**Task to carry out:**
Among the entries below, copy only the span from the line containing "120cm Nylon Pet" through the line containing "6 Pack 5 inch". Do so exactly, and skip the pictures.

**Available data:**
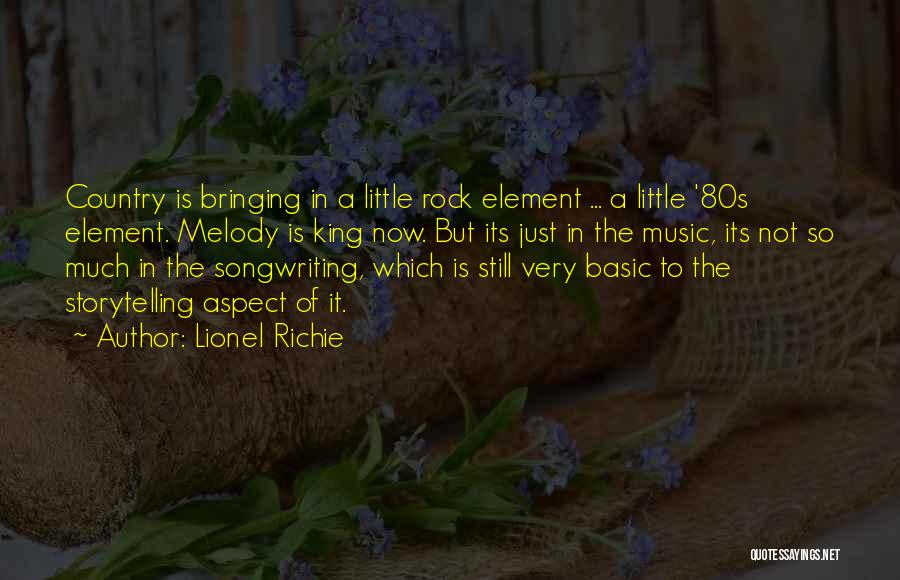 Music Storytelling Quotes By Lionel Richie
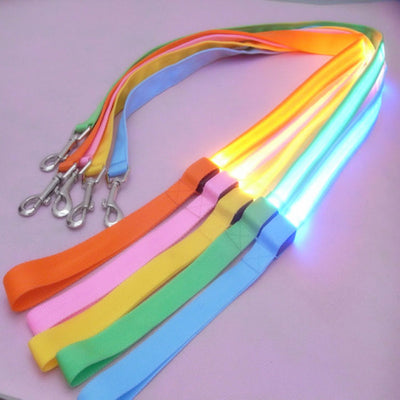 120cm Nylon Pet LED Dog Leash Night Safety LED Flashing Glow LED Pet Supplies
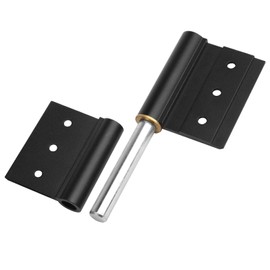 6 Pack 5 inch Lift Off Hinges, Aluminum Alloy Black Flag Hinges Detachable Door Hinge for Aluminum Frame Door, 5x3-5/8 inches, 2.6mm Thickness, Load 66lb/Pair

==

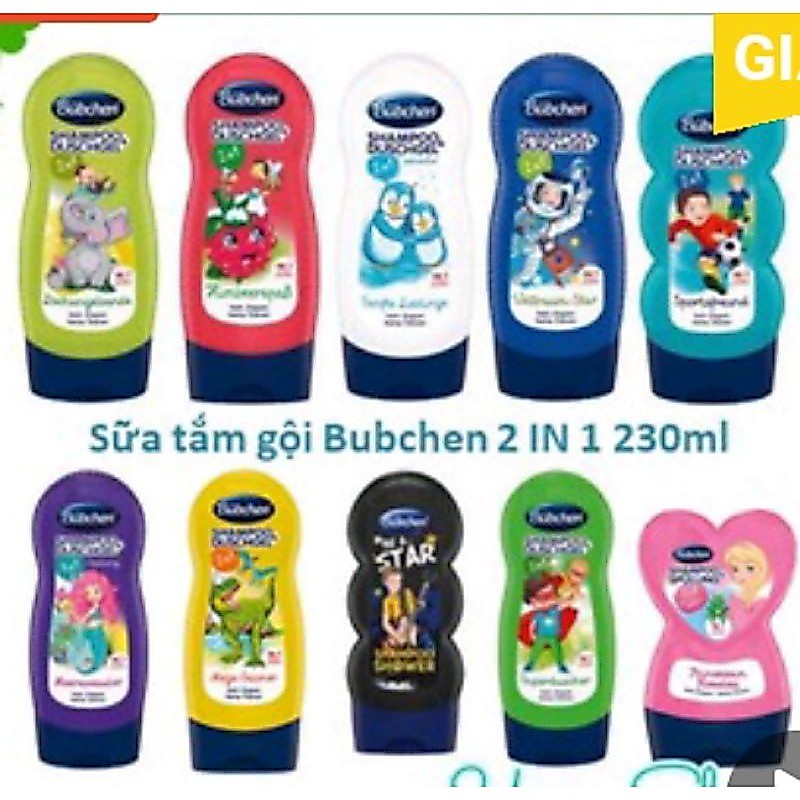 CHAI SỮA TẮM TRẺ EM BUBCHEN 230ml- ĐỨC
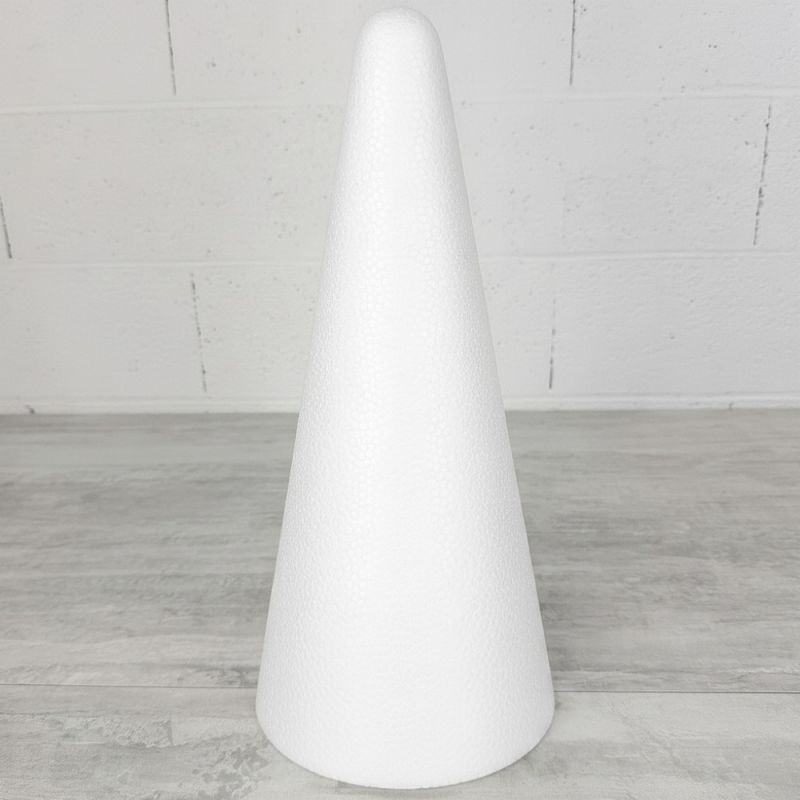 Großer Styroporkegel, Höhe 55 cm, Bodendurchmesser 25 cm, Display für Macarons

**The answer:**
 120cm Nylon Pet LED Dog Leash Night Safety LED Flashing Glow LED Pet Supplies
 6 Pack 5 inch Lift Off Hinges, Aluminum Alloy Black Flag Hinges Detachable Door Hinge for Aluminum Frame Door, 5x3-5/8 inches, 2.6mm Thickness, Load 66lb/Pair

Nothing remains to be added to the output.